> _Try it_
From top to bottom, retype the data exactly, passing over any picture.

> _Information supplied_
┌────────

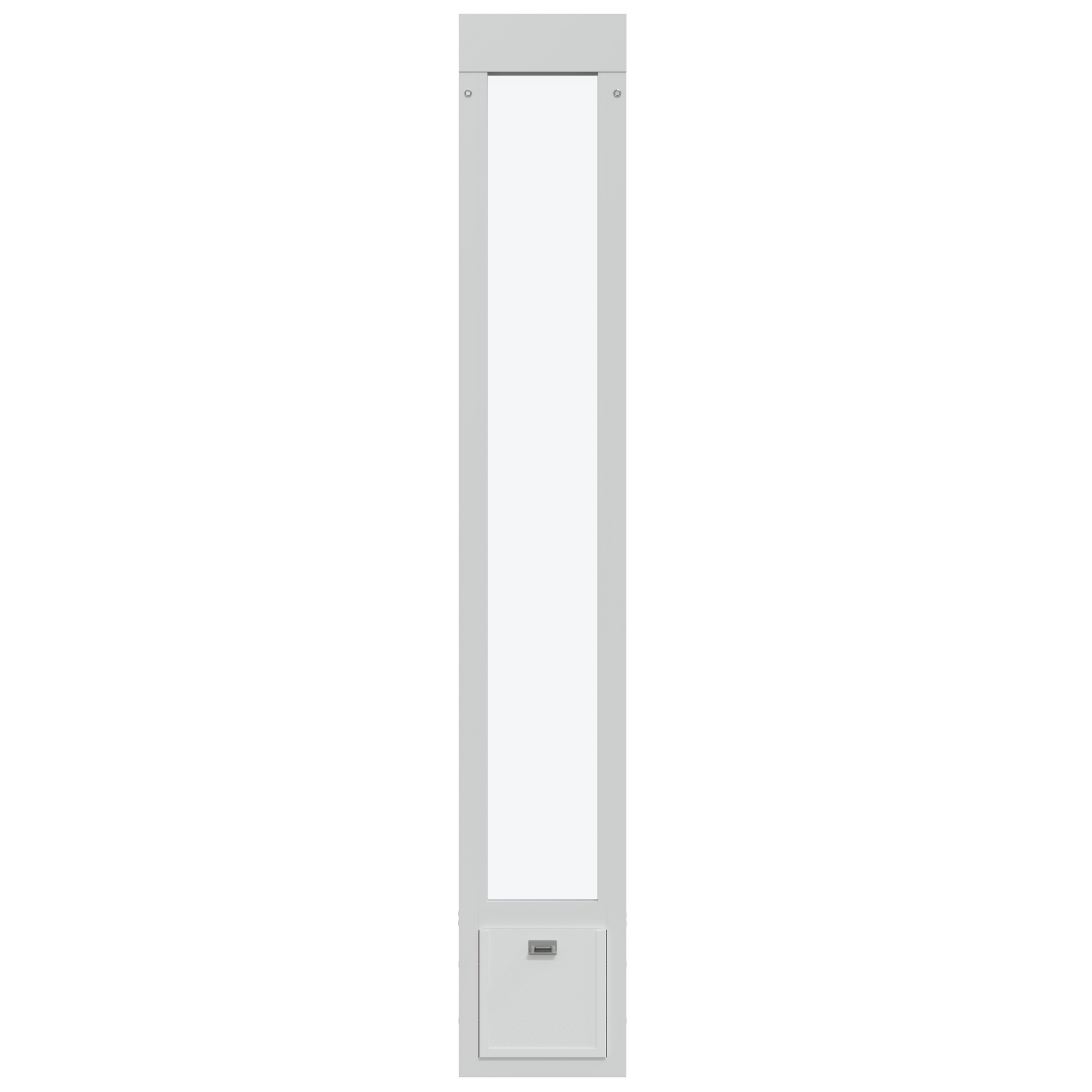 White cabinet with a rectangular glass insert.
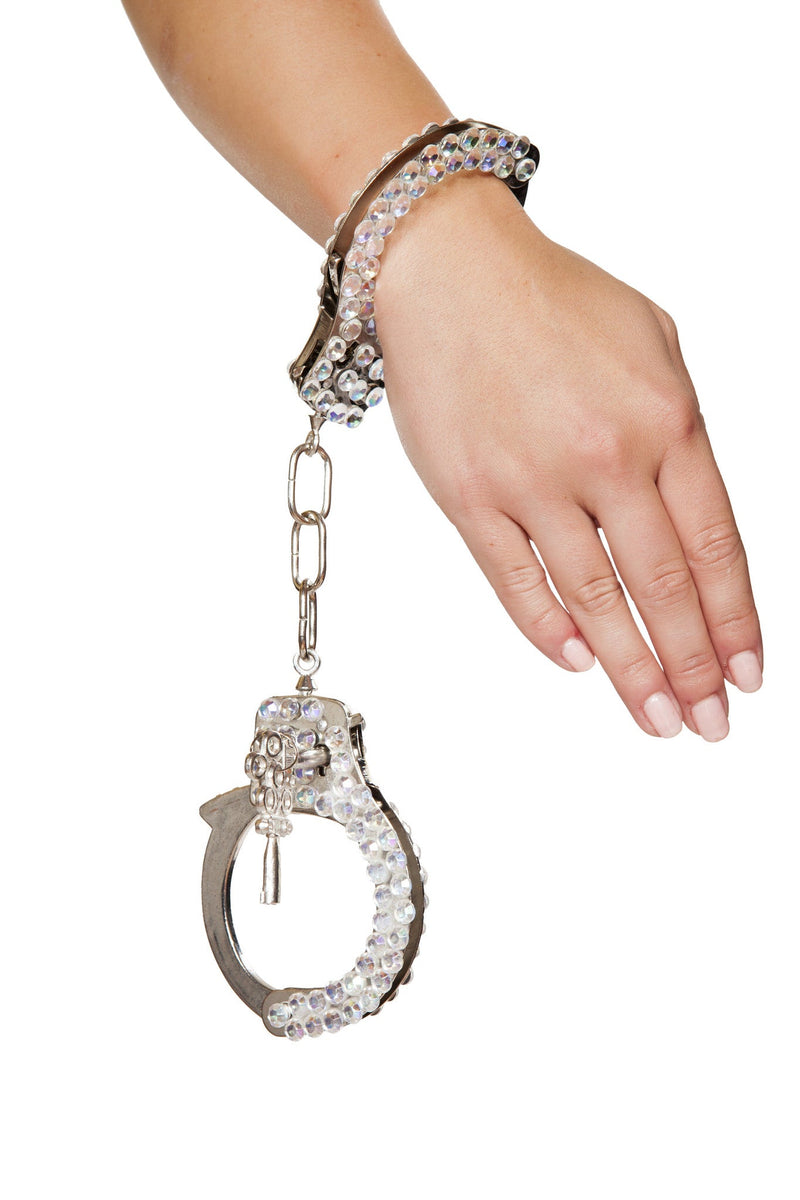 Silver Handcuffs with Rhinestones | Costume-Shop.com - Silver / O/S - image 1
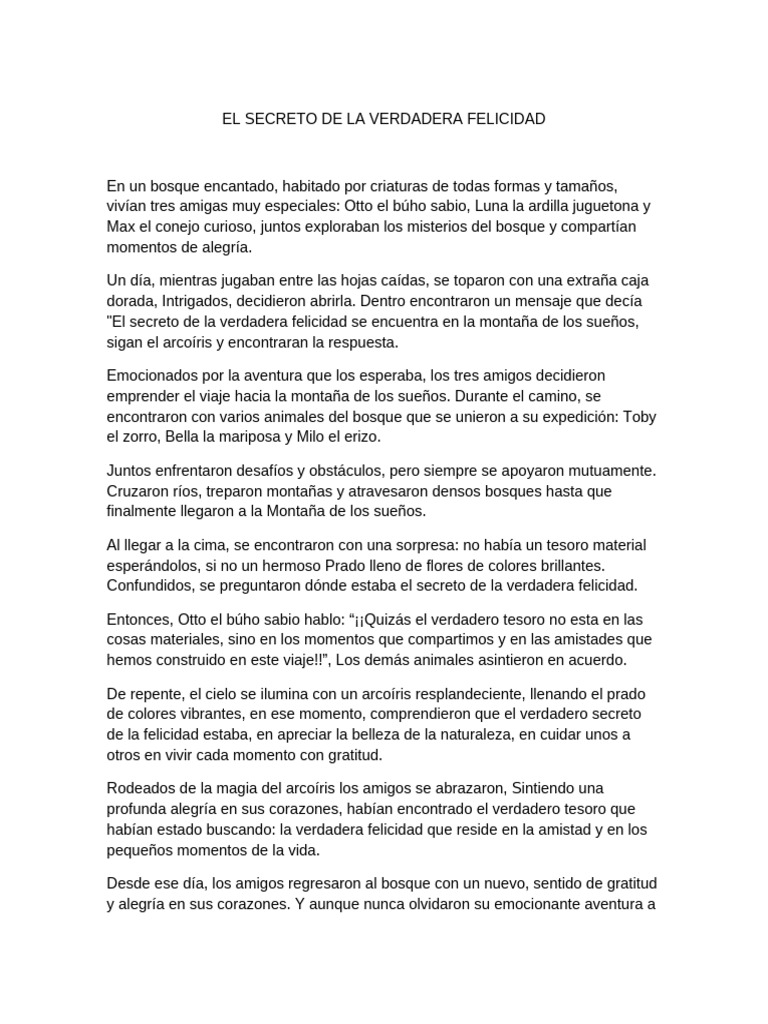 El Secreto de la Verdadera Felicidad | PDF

└────────

> _Exercise answer_
 White cabinet with a rectangular glass insert.
 Silver Handcuffs with Rhinestones | Costume-Shop.com - Silver / O/S - image 1
 El Secreto de la Verdadera Felicidad | PDF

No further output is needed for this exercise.